Work instructions
Output each record below exactly. No images go in the copy.
[Supplied information]
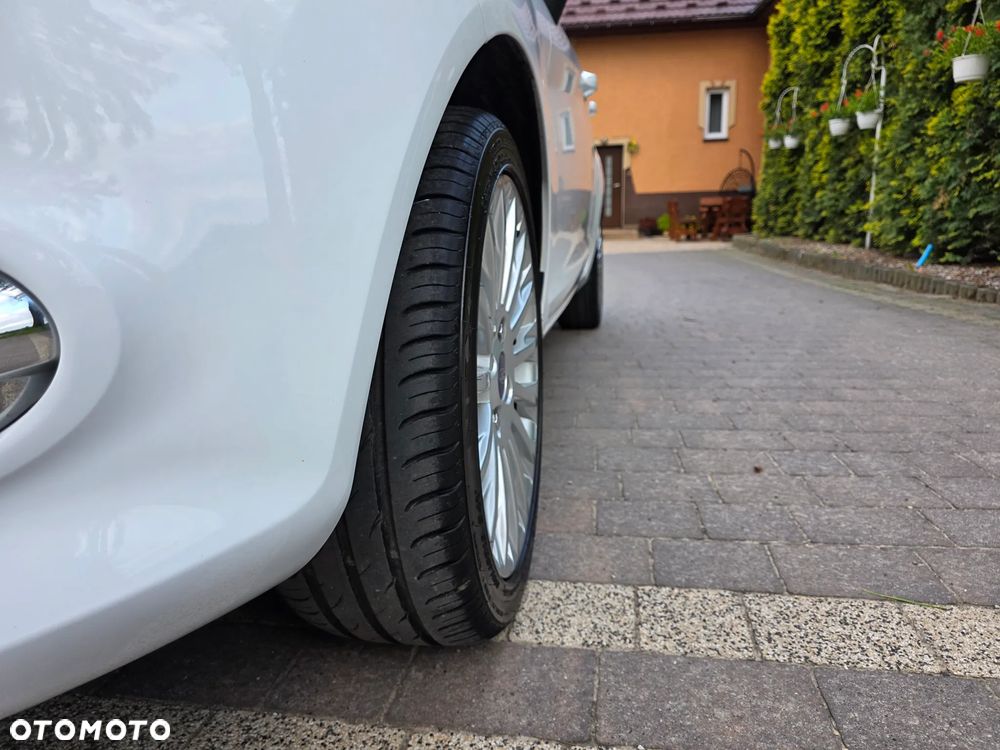 Ford Fiesta 1.4 Titanium - 13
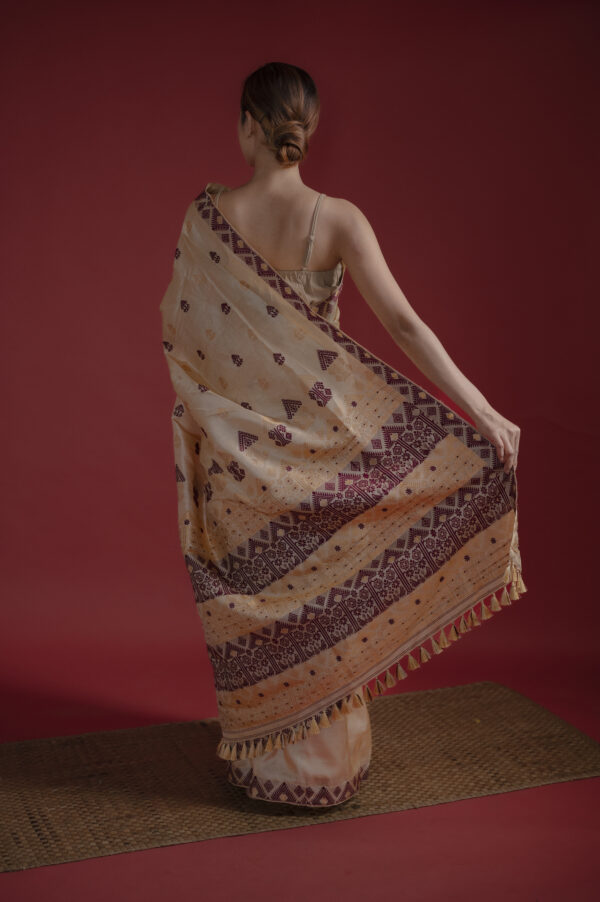TUSSAR  GOLDEN ZARI AND MAROON THREAD WITH MEERI MOTIFS MAYURISILK - Image 3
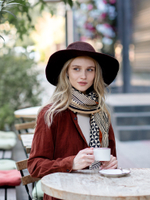 Легкий шарф-платок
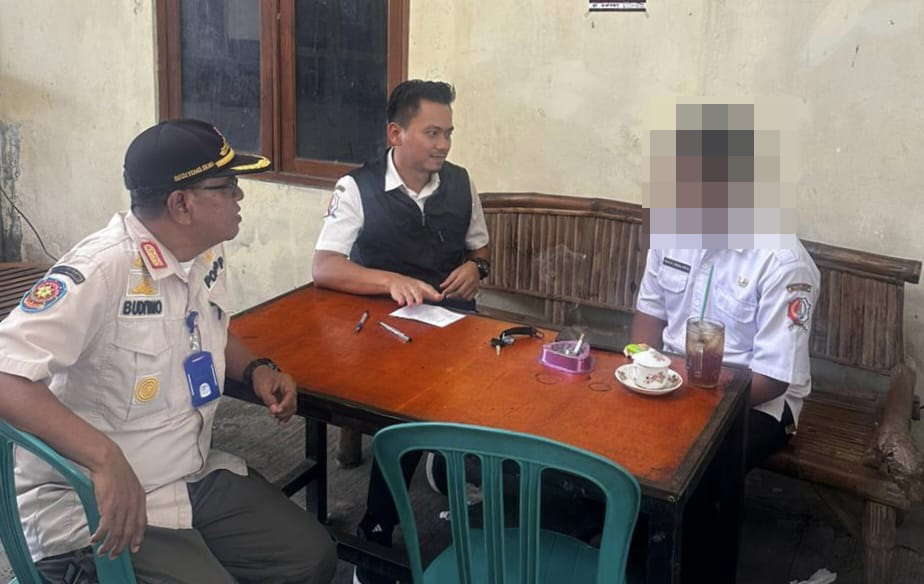 RAZIA: BKPP dan Satpol PP Bojonegoro lakukan razia ASN yang ngopi ketika jam kerja.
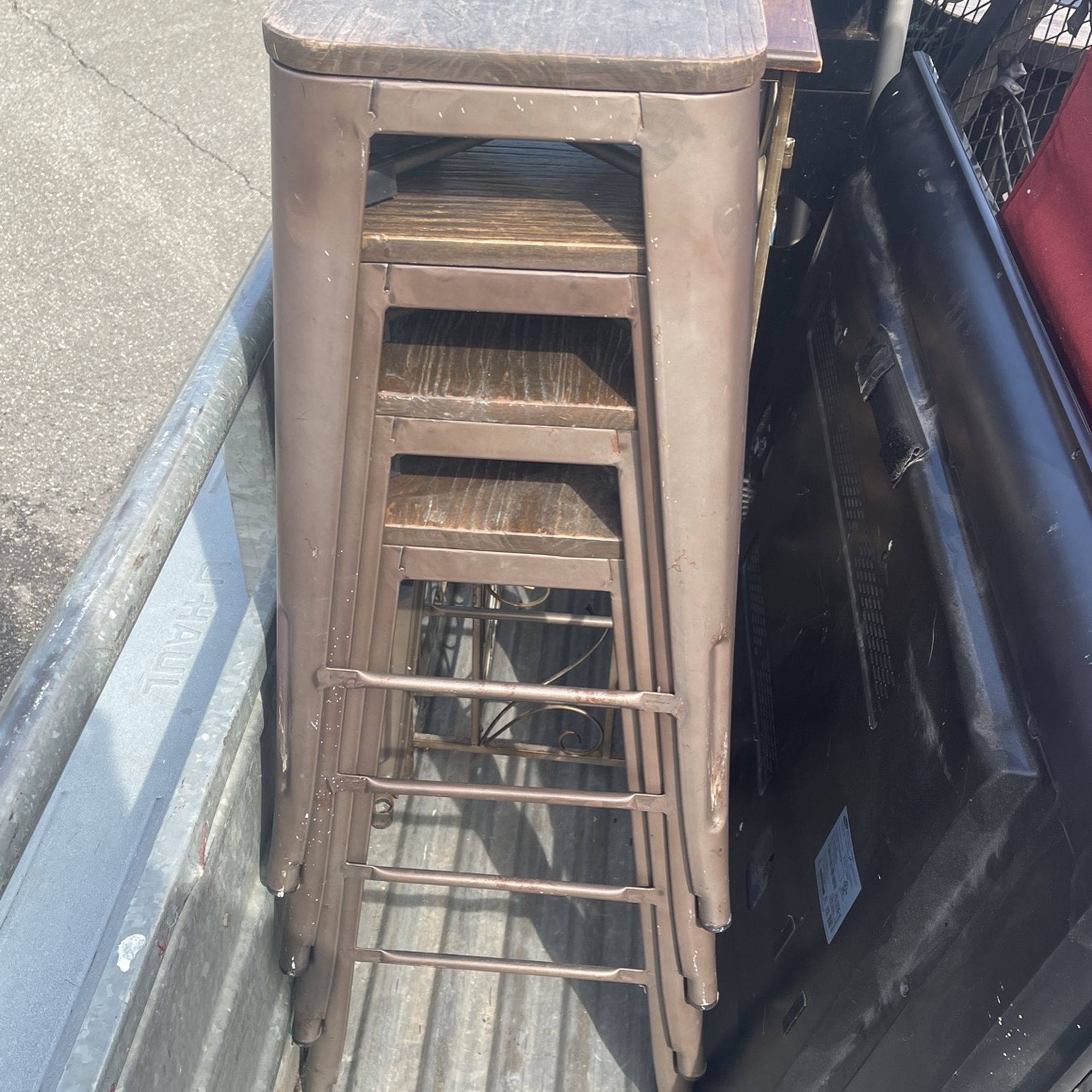 4 Metal And Wood Seat Bar Stools 125.00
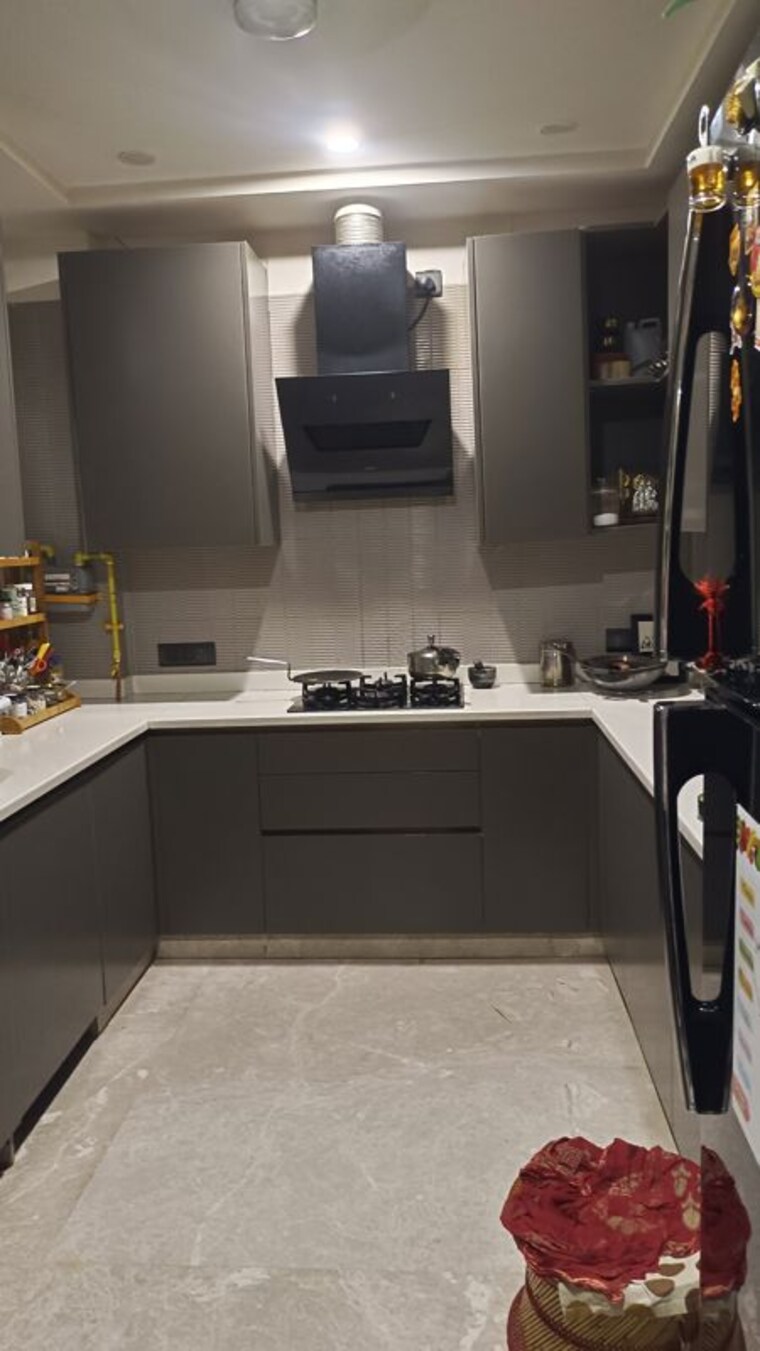 Kitchen, new rajinder nagar 3 Bedroom 1830 Sq.Ft. Builder Floor In New Rajinder Nagar Delhi 10414880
[/Supplied information]
The completed task
 Ford Fiesta 1.4 Titanium - 13
TUSSAR  GOLDEN ZARI AND MAROON THREAD WITH MEERI MOTIFS MAYURISILK - Image 3
 Легкий шарф-платок
 RAZIA: BKPP dan Satpol PP Bojonegoro lakukan razia ASN yang ngopi ketika jam kerja.
 4 Metal And Wood Seat Bar Stools 125.00
 Kitchen, new rajinder nagar 3 Bedroom 1830 Sq.Ft. Builder Floor In New Rajinder Nagar Delhi 10414880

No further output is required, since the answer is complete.